# Chi-Squared Tests

#### JohnM

##### TS Contributor
For both examples here, we will need to compute a chi-square statistic:

X^2 = summation of [ (O - E)^2 / E ]
where:
O = number of oberved frequencies
E = number of expected frequencies

Typically the chi-square test is used in situations where the data are arranged in a frequency table. The value of the computed chi-square statistic is compared to the critical chi-square statistic, whose value depends on the significance level (alpha) and the number of degrees of freedom, computed by:

(r-1) * (c-1)
where:
r = number of rows in the table
c = number of columns in the table

------------------------------------------------
1. Chi-Square Test of Independence

This is used to test for independence between variables, and is best demonstrated using a contingency table.

(use the attached image at the bottom-left for this example)

A study was conducted in a supermarket to see if attaching a "Do Not Litter" message to the daily specials flyer would have any effect on the rate of littering.

As customers entered the store, they were either handed a flyer without the message (Control) or with the message.

At the end of the day, the store was searched for flyers - their location, either in a trash can, left lying out (litter), or not located (removed from the store) along with the presence/absence of the message, was noted.

Use the formula: (row total * column total)/grand total to compute expected frequencies for each cell in the 2 * 3 table

Ho: Instructions and Location are independent
Ha: Instructions and Location are not independent
Use alpha = .05 for the level of significance

The chi-square statistic is computed as:
X^2 = summation of [ (O - E)^2 / E ]

= (41-61.66)^2/61.66 + ... + (499-478.64)^2/478.64
= 25.79

Since this is a 2x3 table, the degrees of freedom (df) is computed as (2-1)*(3-1) = 1*2 = 2

The critical value (table) of the chi-square statistic at alpha=.05 with 2 df is 5.99

Therefore we reject Ho and conclude that the location in which the flyers were left depended on the instructions.

2. Chi-Square Test of Goodness-of-Fit

This is used to test whether a set of observed frequencies "fits" a predicted or hypothesized distribution.

A local advertising firm wanted to know if any one of the local stations
has a significantly larger proportion of the television viewers of the
them to specify which stations news program they prefer. The responses were
as follows:

TV Station A B C D
Number of Viewers 241 288 263 208

Using a 1% level of significance, test the null hypothesis that these 4 TV
stations have equal shares of the evening news audience.
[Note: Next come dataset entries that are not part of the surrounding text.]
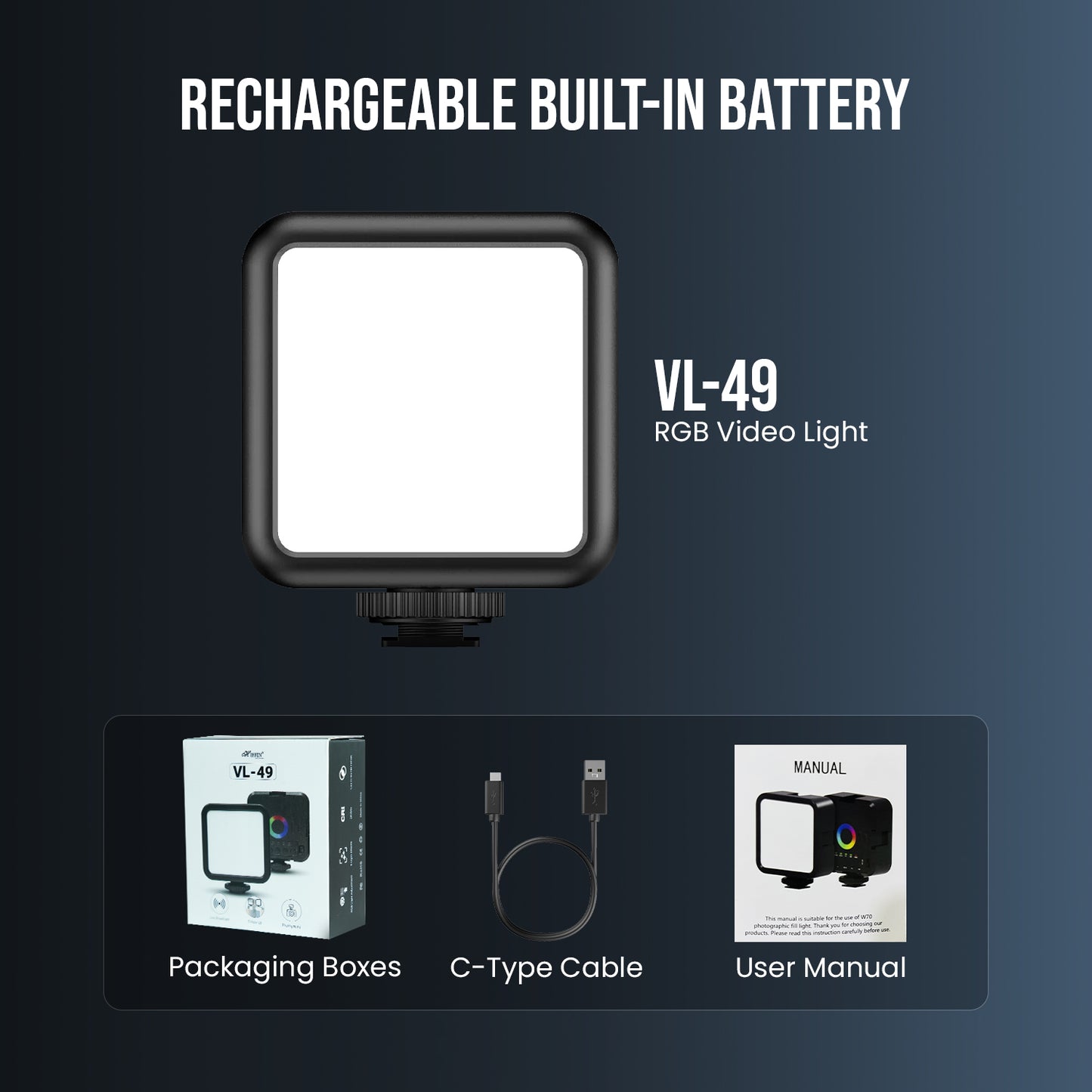 VL49 RGB Video Light, 3000-9000K, 1200mAh, 9 Effects, CRI 95+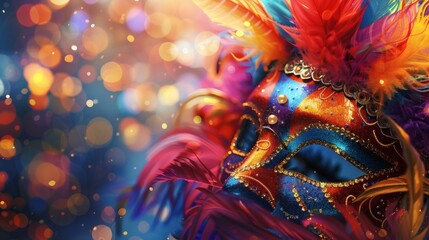 Exquisite feathered masquerade mask adorned with shimmering sequins and pearls, evoking mystery and vibrant celebration with a bokeh background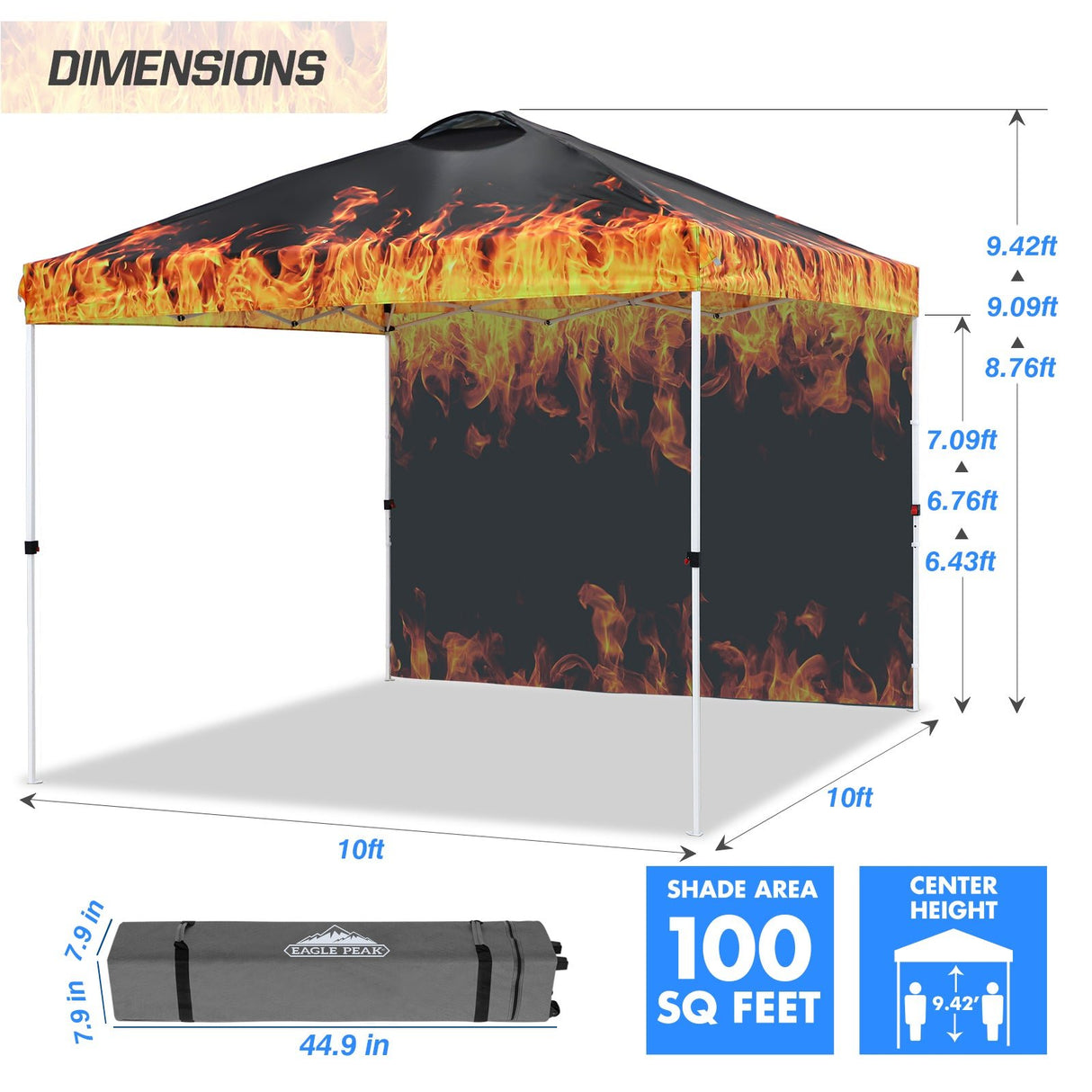 10x10 Commercial Pop up Canopy with 1 Sidewall, - Eagle Peak Custom Canopy Tent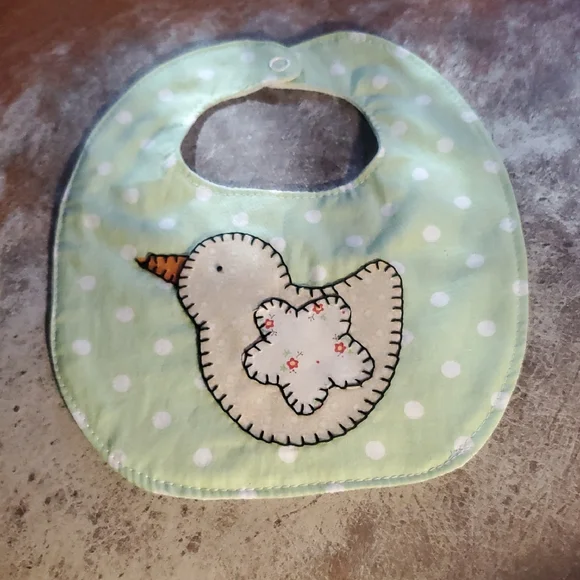 Green Polka Dot Baby Bib with Bird Design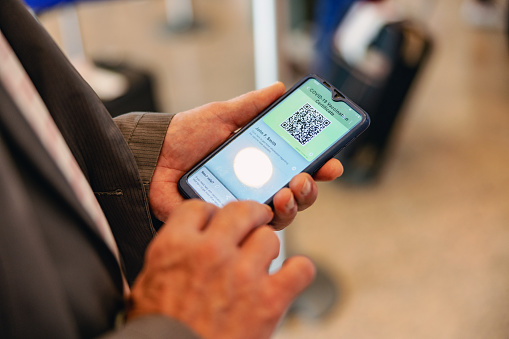 Cropped image of businessman having online airplane ticket on his smartphone.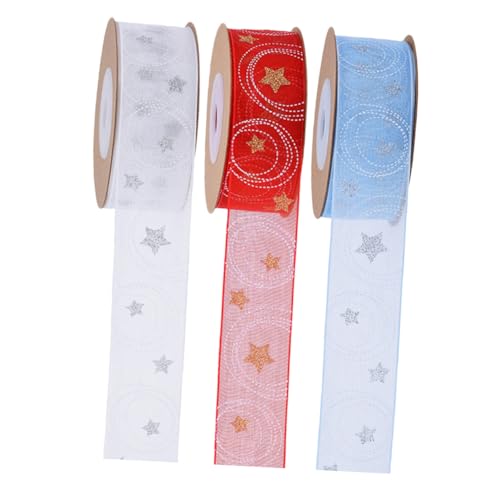 Uonlytech 3 Rollen Weihnachtsdekorationsband mit Stern Kreis-muster Geschenkband für Weihnachtsgeschenke Party-deko und Bastelbedarf in Weiß Blau und Rot Festliches Geschenkverpackungsband Uonlytech 3 Rollen Weihnachtsdekorationsband mit Stern Kreis-muster Geschenkband für Weihnachtsgeschenke Party-deko und Bastelbedarf in Weiß Blau und Rot Festliches Geschenkverpackungsband von Uonlytech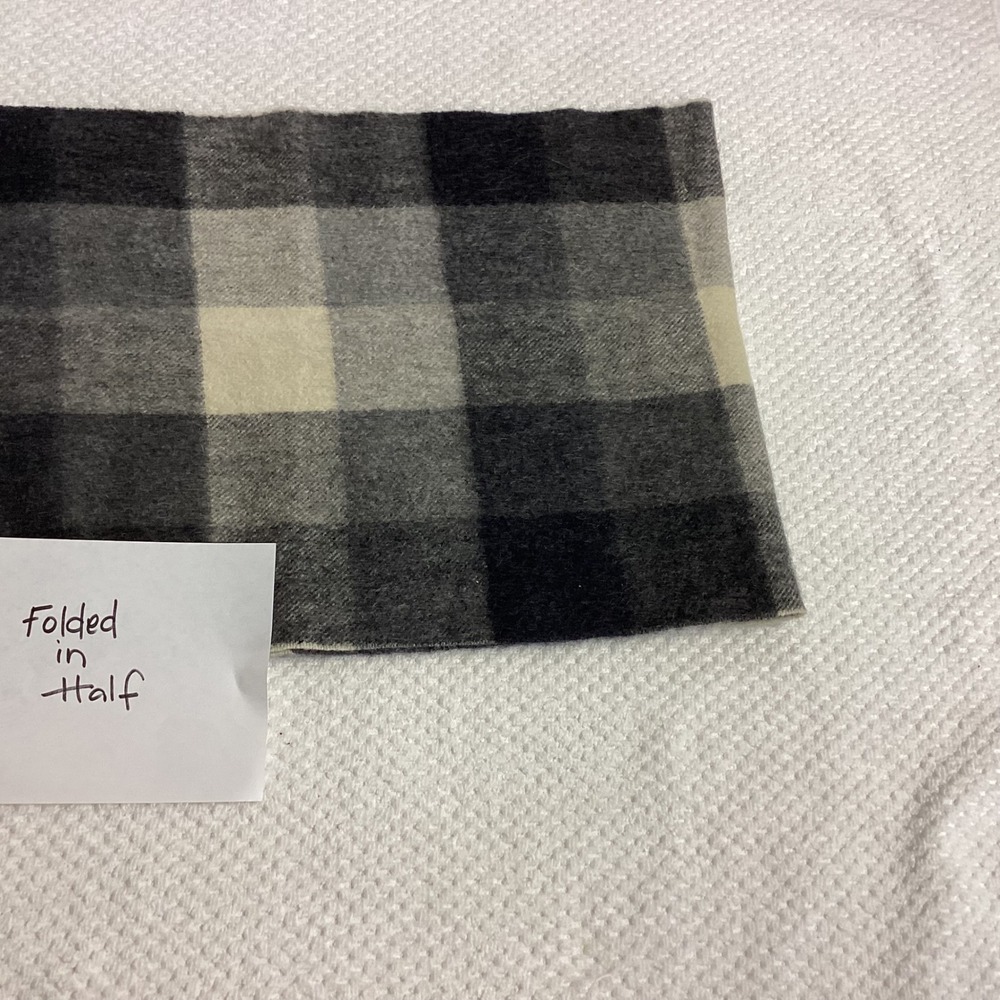 Cashmere Scarf Gray Charcoal Beige Plaid Warm‎ Winter Soft Fringe Shawl Unisex - Picture 10 of 12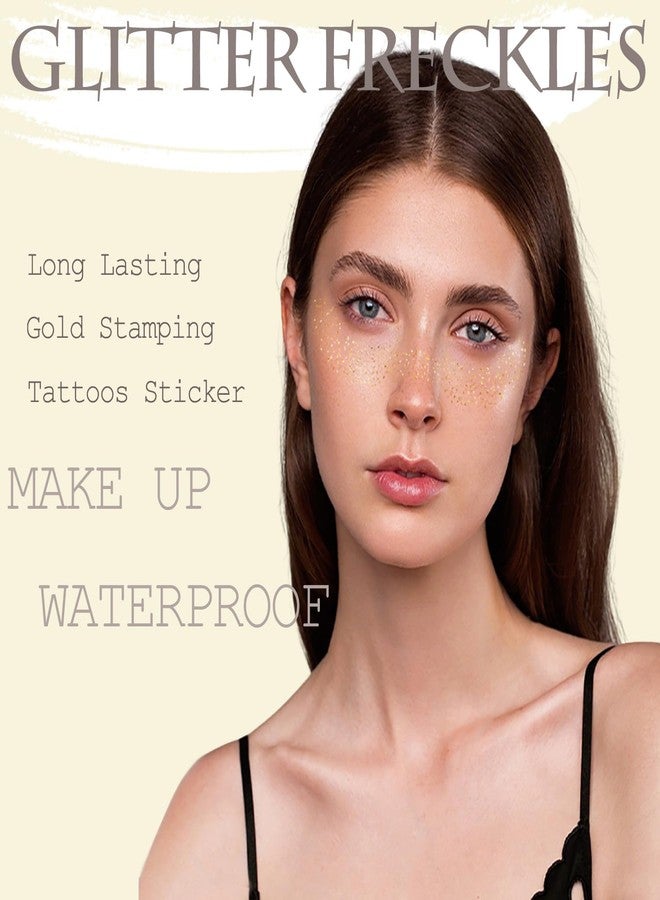 AIBEE Glitter Freckles, 12PCS Temporary Tattoos Fake Freckles Gold Body Face Glitter Sparkle Freckles Makeup Patches Rave Festival Party Accessories for Women Girls - Image 3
Test the following hypothesis:
H0: the 4 TV stations have equal shares of the evening news audience.
Ha: ...unequal shares...

If they have equal shares,

the expected Number of Viewers is 1000/4=250

By the chi squared goodness-of-fit test,

Let Oi denote the ith observed number, E denote the expected number.

The test statistic:

Chisq0 = sum[(Oi-Ei)^2/Ei]
=(241-250)^2/250+(288-250)^2/250+(263-250)^2/250+(208-250)^2/250
=0.32+5.78+0.68+7.06
=13.84

df=4-1=3

At alpha=0.01, the critical value is:
Chisq(3,0.99)=11.34
The rejection region is Chisq0 > 11.34

Chisq0 > 11.34

We reject H0 at 0.01 level. The 4 TV stations do not have equal shares of the evening news audience.